La sociedad viva está en perenne metamorfosis; siempre se halla el cuerpo social, grávido de la sociedad futura. En las entrañas de nuestra vida colectiva de hoy se encuentran las líneas maestras de la nación de mañana, que a la vez asume y sustituye a la nación de ayer. Destruyéndola por sustitución, como escribía madame de Staël. Unas veces ese proceso se acelera y en otras etapas se detiene o retrasa. Un ejemplo ilustrativo lo tenemos en la repercusión del progreso técnico sobre el cambio social. ¿Quién podría medir con exactitud ese gigantesco fenómeno de la sociedad moderna desarrollada? La cibernética ha revolucionado la producción industrial en materia de procesos, costos, volumen de producto y reducción de mano de obra en términos impresionantes. La informática ha repercutido con tal profundidad en nuestra existencia cotidiana que el hombre se encuentra hoy envuelto por el mundo informativo, en cuya base se hallan los ordenadores de sucesivas generaciones. El informatismo religa al ciudadano con su sistema matemático, en tiempo real, con mayor rigor que una disciplina partidista o ideológica. La electrónica ha convertido por vez primera en la historia la universalidad de los acontecimientos de la Tierra en simultaneidad audiovisual. El armamentismo nuclear ha modificado de raíz, con una invisible componente psicológica, las relaciones internacionales.

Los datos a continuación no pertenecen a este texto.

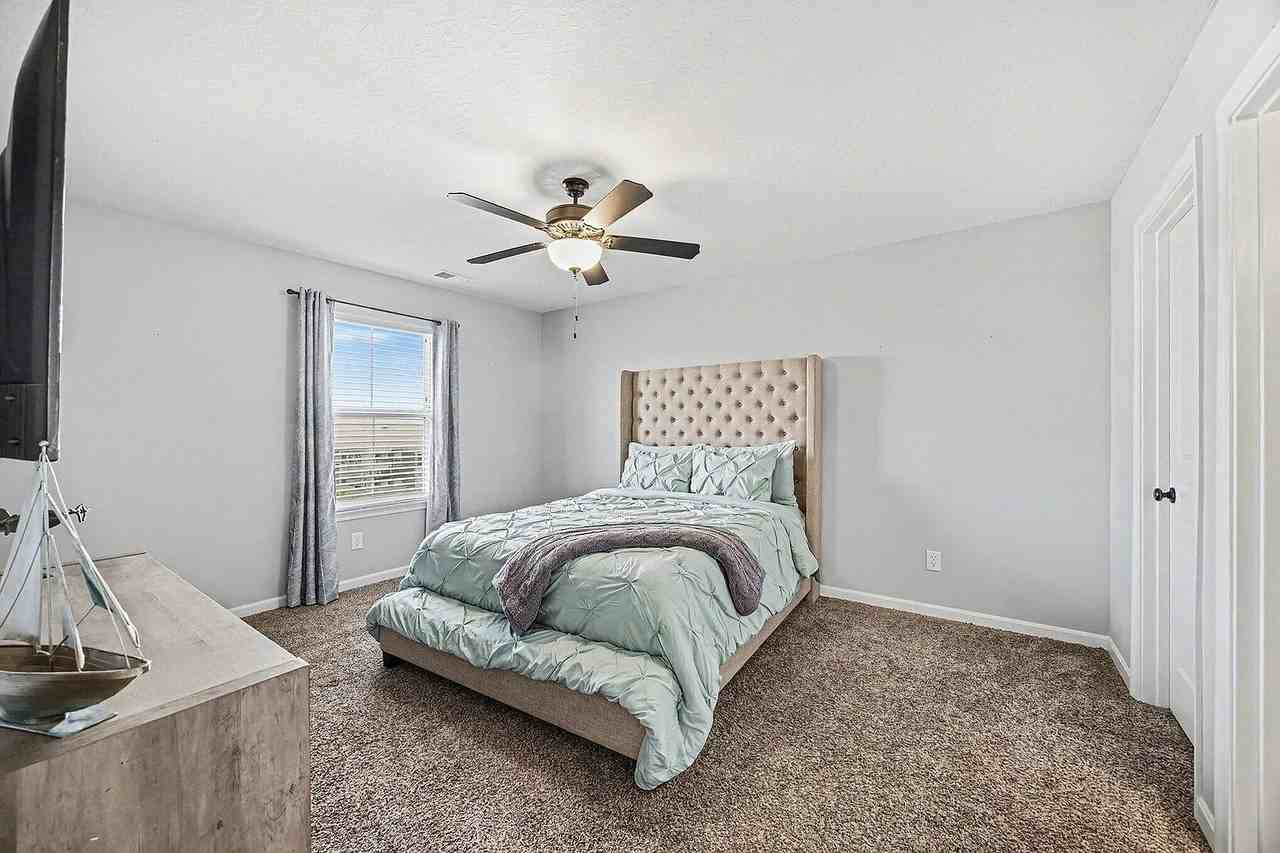 2060 Tanners Cove Rd - Photo 6 of 15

Todos estos nuevos acontecimientos, originados en gran escala de 1950 acá, han modificado esencialmente la estructura de la sociedad humana y de modo inevitable los sistemas de relaciones del poder entre los ciudadanos y la comunidad, que son la esencia de la política. El mundo democrático ha recogido el desafío de esa metamorfosis considerable, tratando de mantener los principios que considera esenciales para que no decline la libertad como pensamiento inspirador de la convivencia civilizada. Pero es obvio que el «modelo de sociedad» democrática de 1980 no es el de 1950 y que numerosos conceptos, métodos, fórmulas y esquemas de relación de hace treinta años han sido superados inexorablemente por las nuevas circunstancias y las perspectivas abiertas por el cambio de mentalidad. Philippe Nemo ha definido sagazmente una de las raíces de la crisis de nuestro fin de siglo. «Los valores», escribe, «se tambalean al producirse el encuentro frontal -que a veces es choque- entre las diversas grandes culturas. » La mentalidad moderna de los países democráticos trata de sintetizarlas.

Ese es precisamente el contraste más evidente entre la sociedad democrática del pluralismo y la cerrada del partido único o de la dictadura personal. Aquélla se enfrenta con el cambio social y lo integra gradualmente en su flexibilidad institucional. La segunda se aferra a su dogmatismo rígido y acaba siendo en el orden doctrinal una iglesia moribunda que rinde culto a los dioses muertos. ¿Quién de verdad supone en su fuero íntimo que un sistema colectivista lastrado por el estalinismo sobreviviente pueda ofrecerse como modelo a la sociedad desarrollada en Occidente? El eurocomunismo nació de la íntima convicción de esa evidencia. ¿Quién, por otro lado, pensaría que una fórmula cualquiera de fascismo o dictadura militar serviría, hoy día, ni remotamente, como cauce a los enormes planteamientos del mundo en movimiento, del progreso, de la libertad y de la cultura?

El modelo de sociedad de la democracia occidental es fluido, de total plasticidad y se halla en continua mutación. No es un museo de dogmas fijos, sino una torrencial corriente de ideas novedosas que sugieren rectificaciones imaginativas. Ni es tampoco un manojo de teoremas, sino un conjunto de tendencias vitales. O, para decirlo en la estrofa de Goethe: «Amigo: la teoría es gris. Verde es, en cambio, el árbol de la vida.»

José María de Areilza es diputado de Coalición Democrática por Madrid.